So, that is the update for the means of each of the Bernoulli variables.
Now, let's do the same for the priors on the components. In this case,
to get something sensible, we need to add a Lagrange multiplier i.e.
we need to maximise the following equation
$$
\begin{align}
\tilde{Q}(\theta, \theta^t)
&= \sum_n \sum_k q^t(z^{(n)} = k)
\left( \log \pi_k + \sum_d x_d^{(n)}\log \mu_{k, d}
+ (1-x_d^{(n)})\log (1-\mu_{k, d}) \right)
+ \lambda \left( \sum_k \pi_k - 1\right).
\end{align}
$$
Once we take the derivative with respect to \(\pi_{k'}\) and set it to
zero, we get
$$
\begin{align}
\frac{\partial \tilde{Q}(\theta, \theta^t)}{\partial\pi_{k'}}
&= \sum_n \sum_k q^t(z^{(n)} = k') \log \pi_{k'} + \lambda = 0.
\end{align}
$$
Taking the derivative with respect to \(\lambda\) and setting it to
zero, we get
$$
\sum_k \pi_k = 1,
$$
and once we put these two equations together, we get
$$
\pi_{k'} = \frac{1}{N} \sum_n q^t(z^{(n)} = k').
$$
In this case, we don't actually need to do any more work than is done
in calculating the means, because the term \(\sum_n q^t(z^{(n)} = k')\)

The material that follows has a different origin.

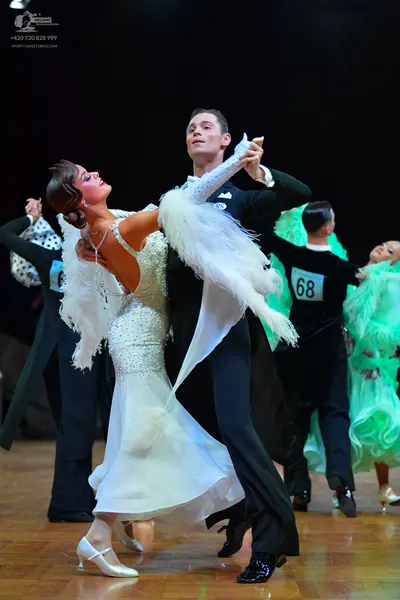 Dancesport competitor #68: Foreground female dancer: white ballgown with a sequined bodice and long white f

is used as the denominator in the calculation of the means of the
Bernoullis, so it can be stored. And that is it! We have the update
equations for a MoB.

It is worth looking at these equations more. Firstly, let us look at
\(\sum_n q^t(z^{(n)} = k') \). This basically is the *effective*
number of data points that component \(k'\) accounts for and it can
be useful to think of it as \(N_{k'}\). So, how can we interpret the
update of the prior, \(\pi_{k'}\)? Well, it basically says that it is
the effective proportion of data points that the component accounts for
of the total population of data points. This makes sense, right?
Likewise, the updates of the mean of component \(k'\) for dimension
\(d'\) is a weighted sum of the data points, where each is weighted by
how likely it was to have been generated by component \(k'\), divided
by that same number, \(N_{k'}\). In other words, if many data points
have a value of 1 for their \(d'th\) dimension, but none of these are
very likely to have been generated by component \(k'\), we can see that
\(\mu_{k', d'}\) would be close to zero. Also, note that the maximum
value it can take is one, which it gets if all the data points are
equal to one.

Last editted 28/04/2016